Fix prompts, not outputs

When external review (ChatGPT and similar) flags a flaw in a generated artifact — a compressed digest, a parameters.json — the fix belongs in the prompt or code that produced it, not in the artifact itself. Hand-patching the output is a local one-shot fix; the underlying generator still has the bug, so the next run reproduces it. The cost of a real prompt fix is one edit plus a re-run; the cost of repeated hand-patches is unbounded. This applies equally to bucket-prompt issues in compress_report_section.py and to schema/canonicalisation issues in the downstream extract-skill prompt.
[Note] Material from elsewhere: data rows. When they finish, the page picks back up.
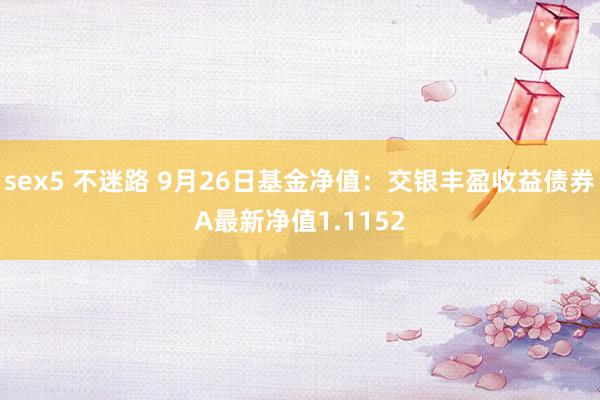 sex5 不迷路 9月26日基金净值：交银丰盈收益债券A最新净值1.1152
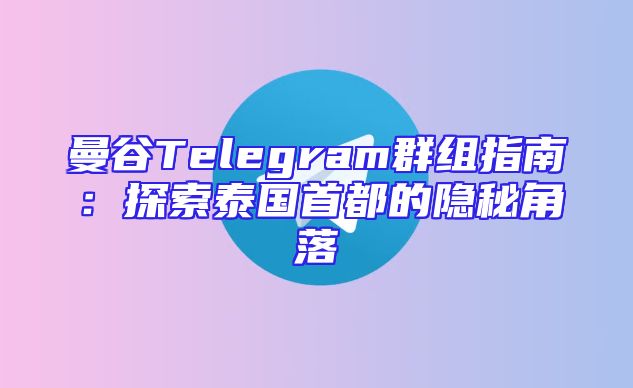 曼谷Telegram群组指南：探索泰国首都的隐秘角落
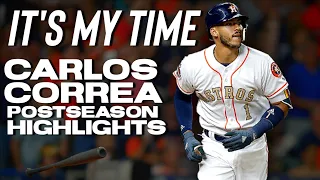 "It's My Time" || Carlos Correa Postseason Highlights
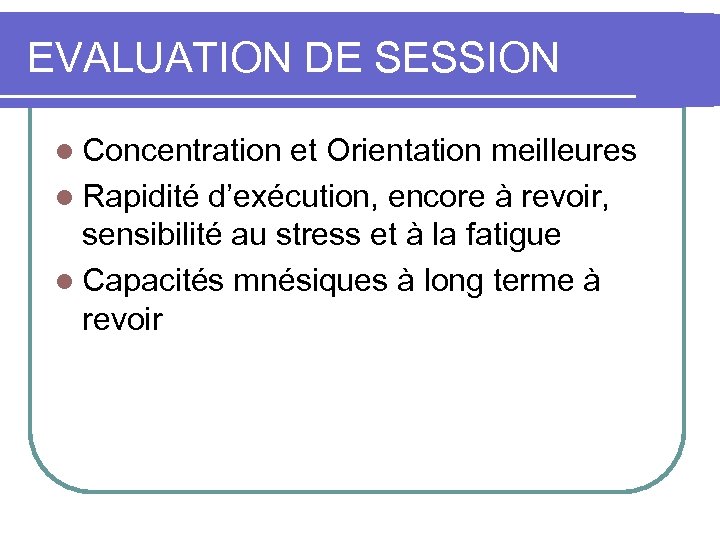EVALUATION DE SESSION l Concentration et Orientation meilleures l Rapidité d’exécution, encore à revoir,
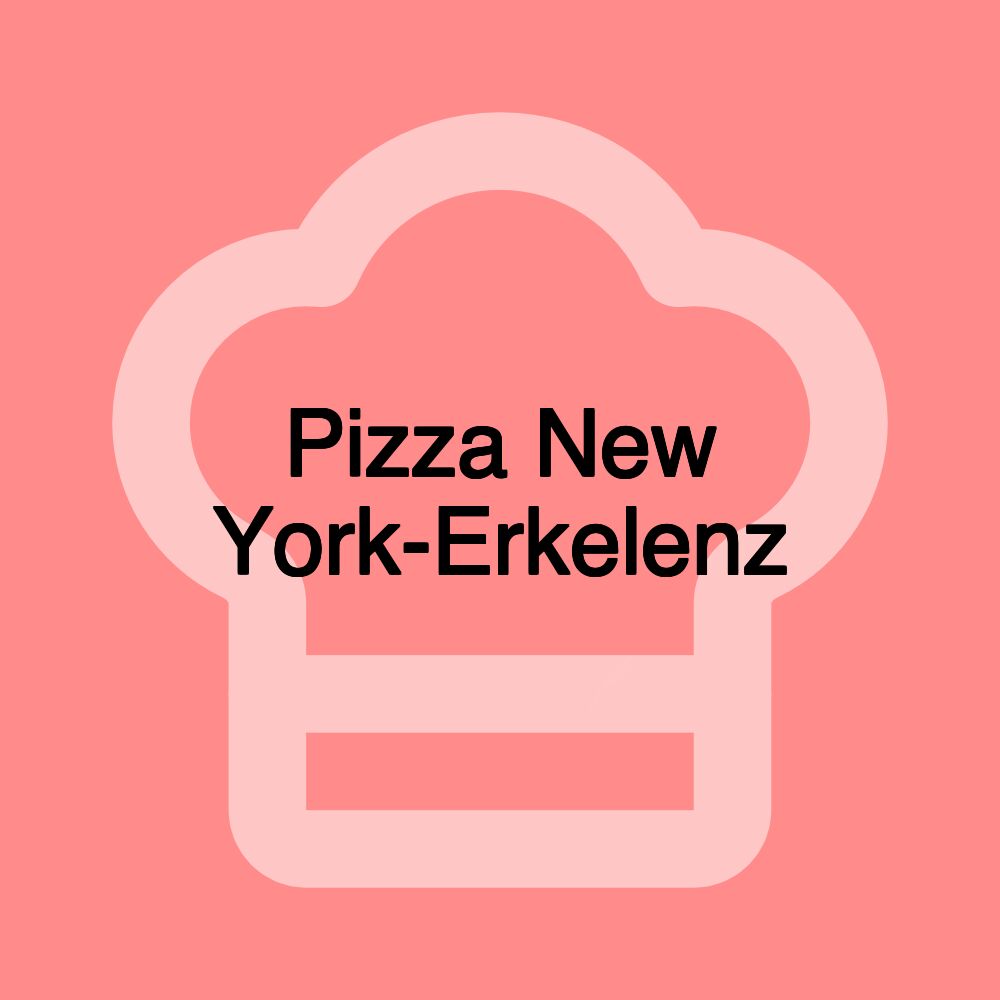 Pizza New York-Erkelenz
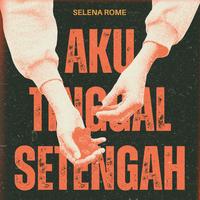 Aku Tinggal Setengah by Selena Rome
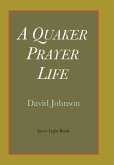 A Quaker Prayer Life (eBook, ePUB)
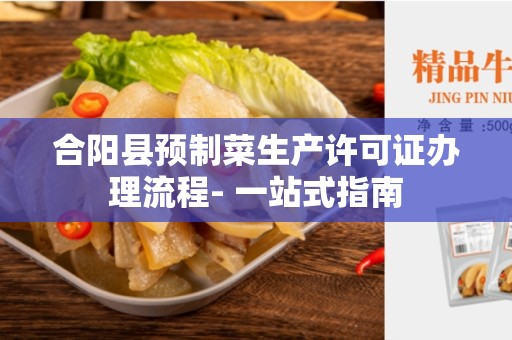 合阳县预制菜生产许可证办理流程- 一站式指南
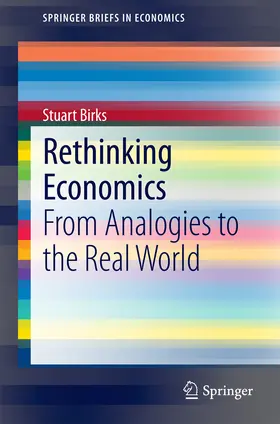 Birks |  Rethinking Economics | eBook | Sack Fachmedien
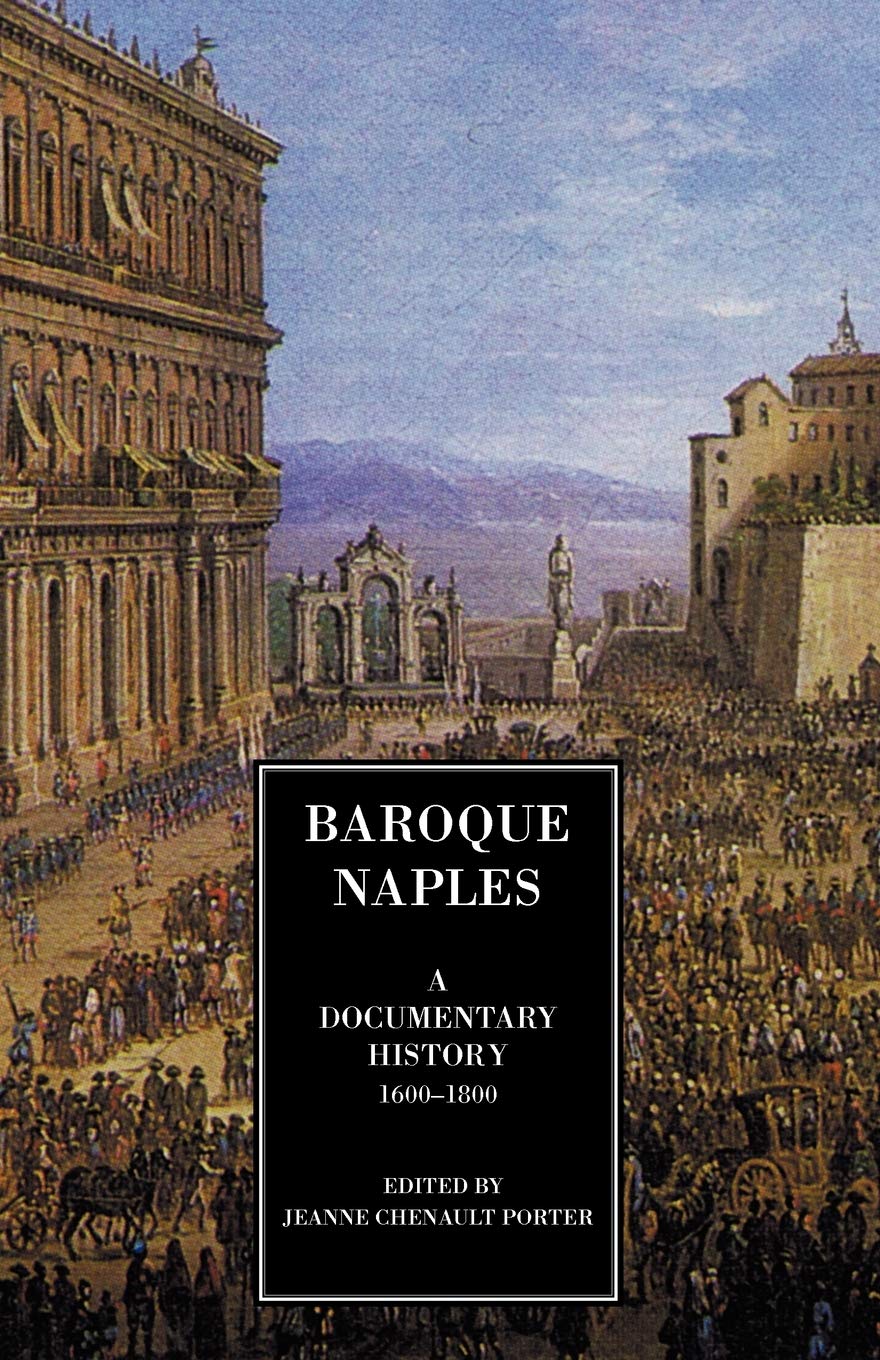 Baroque Naples: A Documentary History, 1600-1800 (A documentary history of Naples)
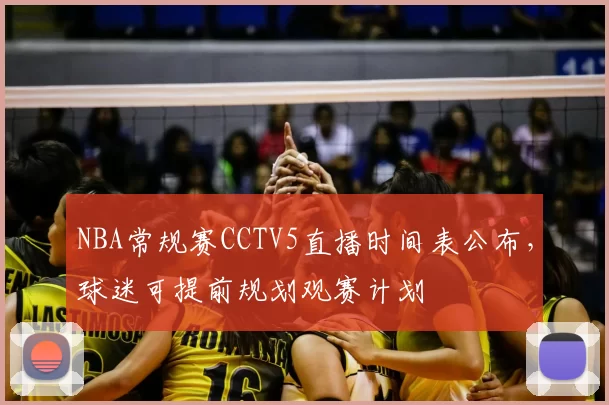 NBA常规赛CCTV5直播时间表公布，球迷可提前规划观赛计划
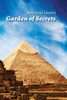 Garden of Secrets : The True Meaning of Biblical and Other Ancient Myths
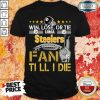 Win Lose Or There I Am A Steelers Fan Till I Die Shirt-Design By Soyatees.com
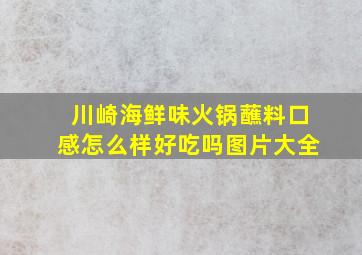 川崎海鲜味火锅蘸料口感怎么样好吃吗图片大全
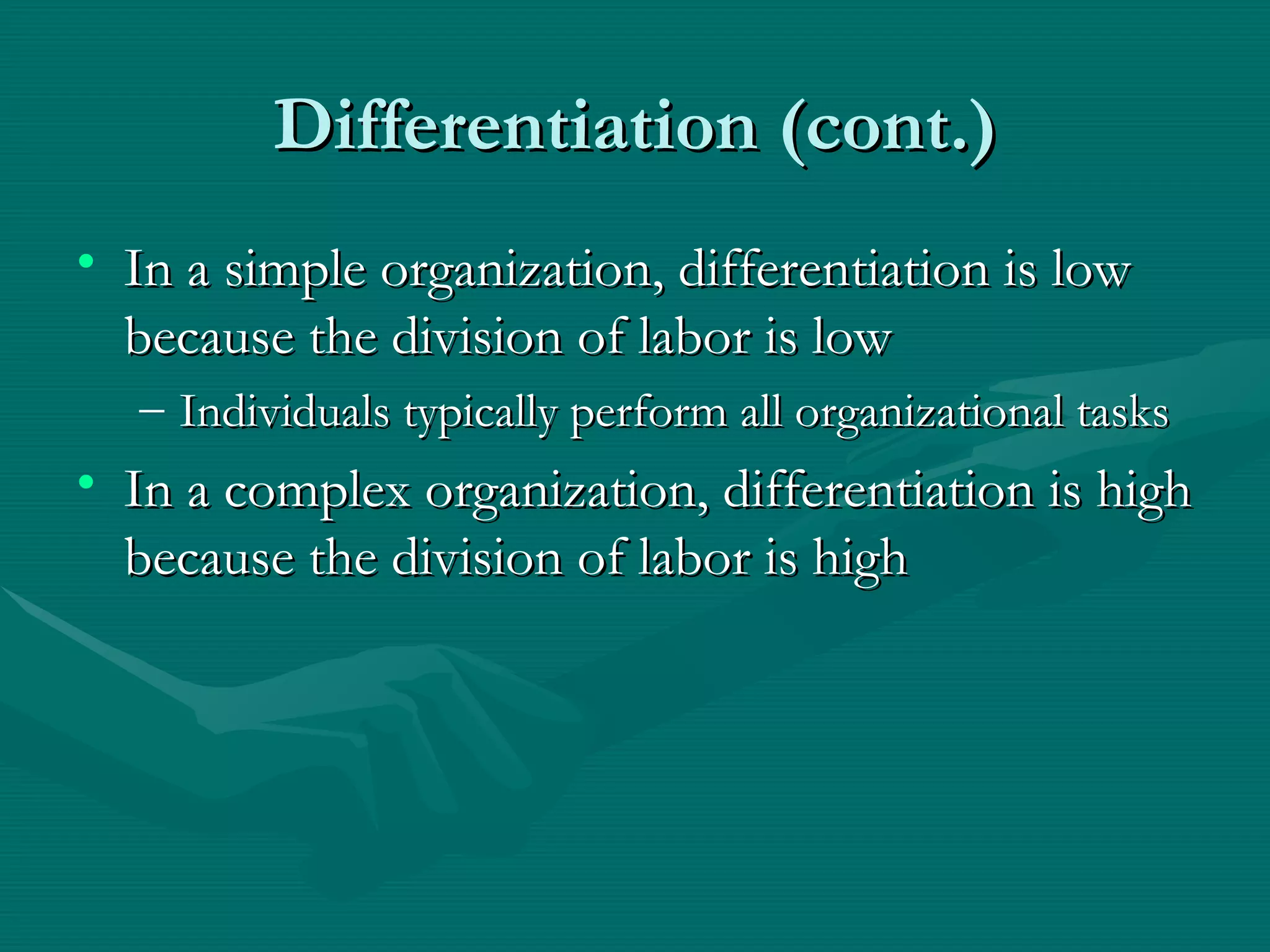 Differentiation (cont.) In a simple organization, differentiation is low because the division of labor is low  Individuals typically perform all organizational tasks In a complex organization, differentiation is high because the division of labor is high 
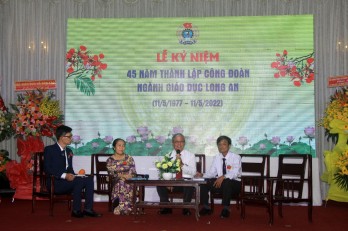 Họp mặt Kỷ niệm 45 năm thành lập Công đoàn ngành Giáo dục Long An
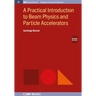 A Practical Introduction to Beam Physics and Particle Accelerators, 2nd Edition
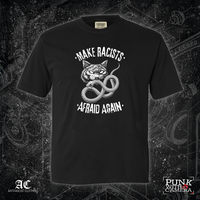 Make Racists Afraid Again - Anti-Fascist Clothing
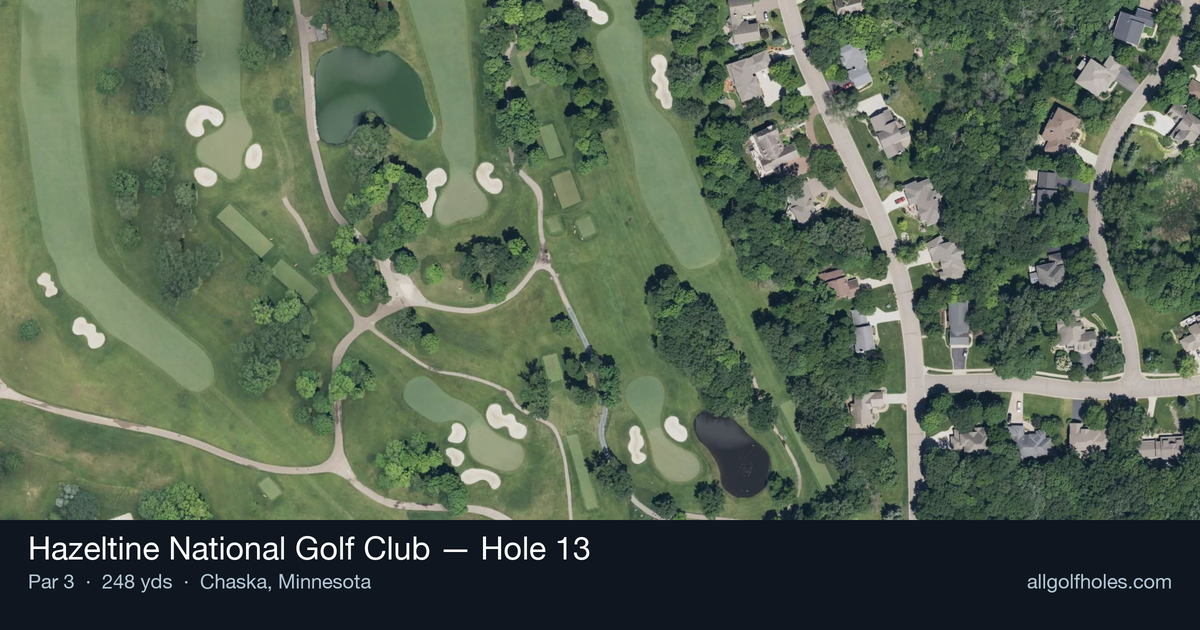 Hole 13 aerial at Hazeltine National Golf Club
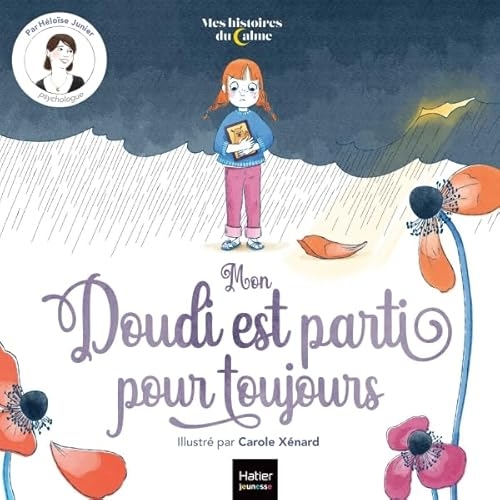 Mes histoires du calme - Mon Doudi est parti pour toujours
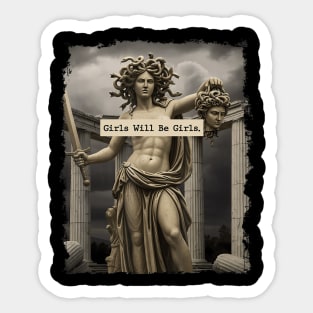 Girl Will Be Girls Medusa Feminist Women Feminism Sticker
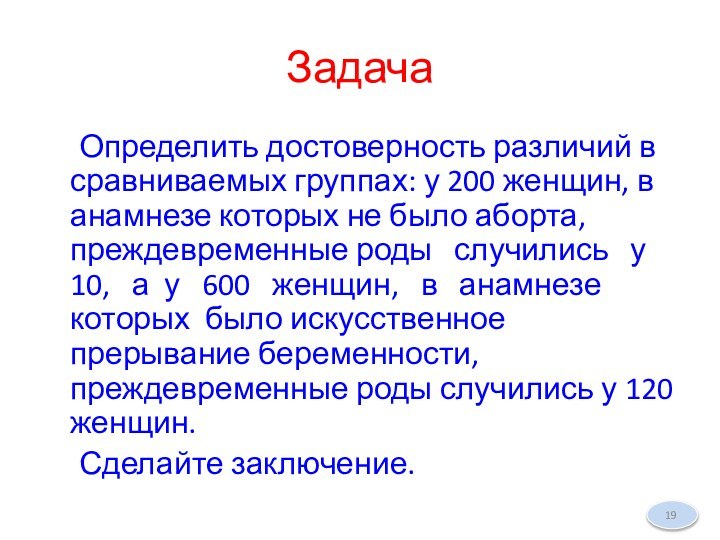 Задача	Определить достоверность различий в сравниваемых группах: у 200 женщин, в анамнезе которых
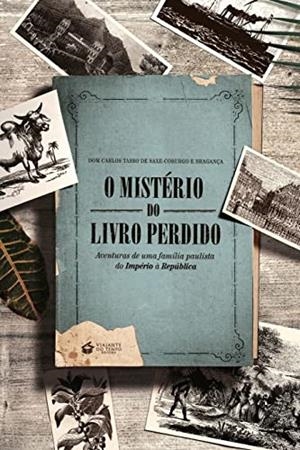 O MISTERIO DO LIVRO PERDIDO | 9788563382801 | TASSO DE SAXE-COBURGO E BRAGANÇA, DOM CARLOS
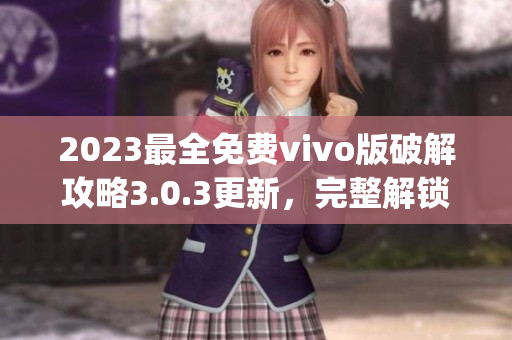 2023最全免费vivo版破解攻略3.0.3更新，完整解锁全新功能(1)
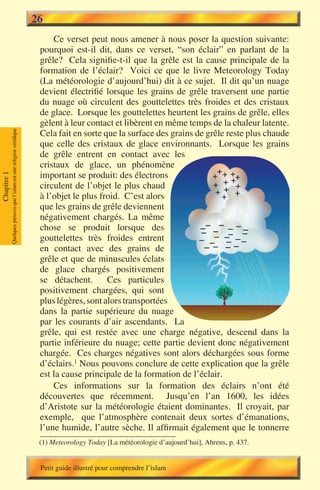 26
                                                                            Ce verset peut nous amener à nous poser la question suivante:
                                                                        pourquoi est-il dit, dans ce verset, “son éclair” en parlant de la
                                                                        grêle? Cela signifie-t-il que la grêle est la cause principale de la
                                                                        formation de l’éclair? Voici ce que le livre Meteorology Today
                                                                        (La météorologie d’aujourd’hui) dit à ce sujet. Il dit qu’un nuage
                                                                        devient électrifié lorsque les grains de grêle traversent une partie
                                                                        du nuage où circulent des gouttelettes très froides et des cristaux
                                                                        de glace. Lorsque les gouttelettes heurtent les grains de grêle, elles
                                                                        gèlent à leur contact et libèrent en même temps de la chaleur latente.
                                                                        Cela fait en sorte que la surface des grains de grêle reste plus chaude
             Quelques preuves que l’islam est une religion véridique




                                                                        que celle des cristaux de glace environnants. Lorsque les grains
                                                                        de grêle entrent en contact avec les
                                                                        cristaux de glace, un phénomène
                                                                        important se produit: des électrons
Chapitre 1




                                                                        circulent de l’objet le plus chaud
                                                                        à l’objet le plus froid. C’est alors
                                                                        que les grains de grêle deviennent
                                                                        négativement chargés. La même
                                                                        chose se produit lorsque des
                                                                        gouttelettes très froides entrent
                                                                        en contact avec des grains de
                                                                        grêle et que de minuscules éclats
                                                                        de glace chargés positivement
                                                                        se détachent.       Ces particules
                                                                        positivement chargées, qui sont
                                                                        plus légères, sont alors transportées
                                                                        dans la partie supérieure du nuage
                                                                        par les courants d’air ascendants. La
                                                                        grêle, qui est restée avec une charge négative, descend dans la
                                                                        partie inférieure du nuage; cette partie devient donc négativement
                                                                        chargée. Ces charges négatives sont alors déchargées sous forme
                                                                        d’éclairs.1 Nous pouvons conclure de cette explication que la grêle
                                                                        est la cause principale de la formation de l’éclair.
                                                                            Ces informations sur la formation des éclairs n’ont été
                                                                        découvertes que récemment. Jusqu’en l’an 1600, les idées
                                                                        d’Aristote sur la météorologie étaient dominantes. Il croyait, par
                                                                        exemple, que l’atmosphère contenait deux sortes d’émanations,
                                                                        l’une humide, l’autre sèche. Il affirmait également que le tonnerre
                                                                        (1) Meteorology Today [La météorologie d’aujourd’hui], Ahrens, p. 437.


                                                                        Petit guide illustré pour comprendre l’islam
 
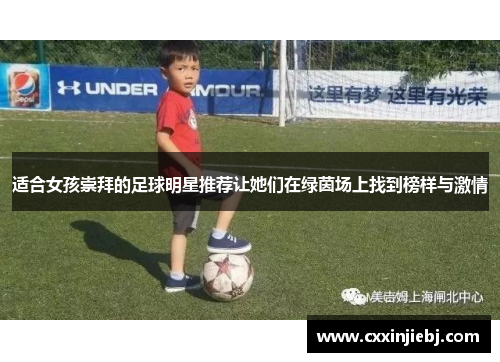 适合女孩崇拜的足球明星推荐让她们在绿茵场上找到榜样与激情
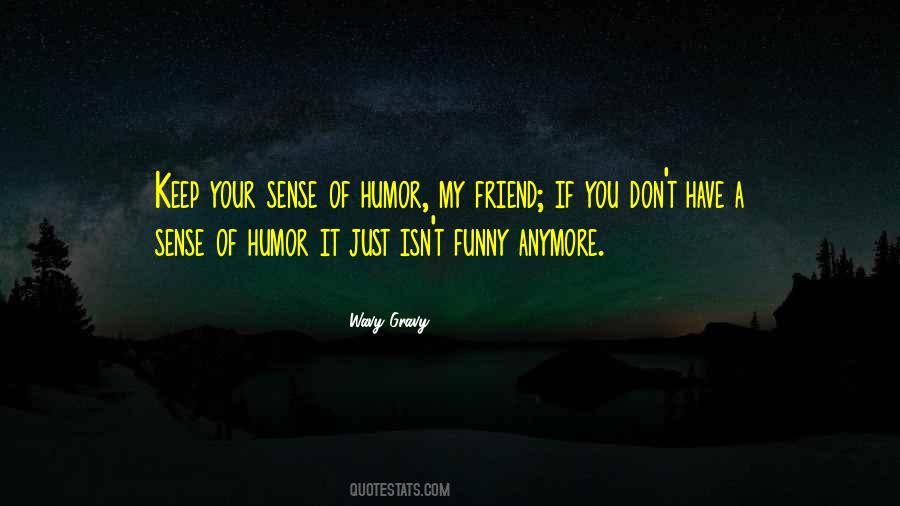 Have A Sense Of Humor Quotes #1101121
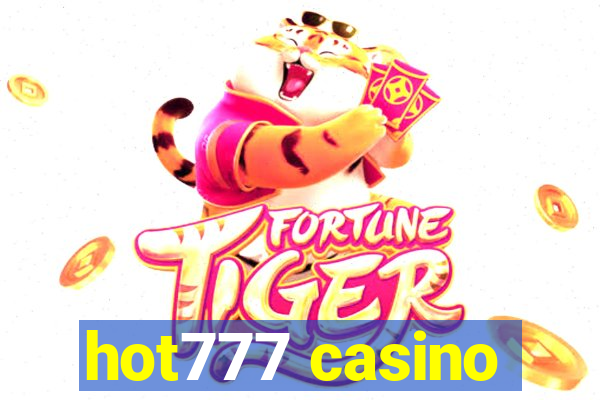 hot777 casino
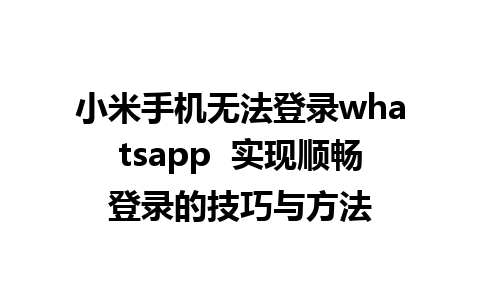 小米手机无法登录whatsapp  实现顺畅登录的技巧与方法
Budget and revenue are not the same denominator

A v26-era extract bug computed rental_revenue = budget * rental_share because the prompt did not draw the distinction explicitly. The plan's 25% rental share is a fraction of Year 1 revenue, not of Year 1 budget — those are different quantities in any commercial plan. Without an explicit rule, the LLM substituted budget for revenue because budget was the only absolute amount available in the digest. The fix lives downstream in extract-parameters-from-digest/system-prompt.txt (the "Budget vs revenue denominator rule"), but the compressor should be aware: when a section quotes a revenue-mix percentage and a budget total, the compressor should not let the language collapse the two — keep budget and revenue framings distinct in line_english so downstream canonicalisation has clean signal to work from.

Implementation

The compressor lives in worker_plan/worker_plan_internal/parameter_extraction/:

compress_report_section.py — schemas, system and per-bucket prompts, six-call chained orchestration, code-side annotation and forced-status override, markdown render. The composite ranking score combines source_evidence * modelling_relevance, a code-verified quote bonus, and a language-neutral numeric-density bonus. The missing_data_to_estimate bucket prompt carries the denominator-pairing rule. The shared line_english prompt carries the number-word digit-annotation rule.
run_compress_full.py — driver that builds each job's multi-file blob in the same shape the corresponding Luigi task uses, then runs all four compress jobs
tests/test_compress_report_section.py — schema shape, section-type normalisation, markdown render, forced-status override, English/original-language split, language-neutral numeric-density bonus, and composite-score head-to-head ordering

The first downstream consumer lives in experiments/napkin_math/:

prepare_extract_input.py — assembles the 137-recommended 8-section bundle (four compressed + four raw), with Strategic Decisions replaced by Selected Scenario per this proposal
.claude/skills/extract-parameters-from-digest/ — sibling of extract-parameters-from-full that reads the assembled bundle and emits a parameter-extraction JSON; system prompt carries the cross-section canonicalisation rule and the budget-vs-revenue denominator rule

Invoke as:

python -m worker_plan_internal.parameter_extraction.run_compress_full

with optional COMPRESS_FULL_LLM, COMPRESS_FULL_SAMPLE_DIR, and COMPRESS_FULL_OUTPUT_DIR overrides.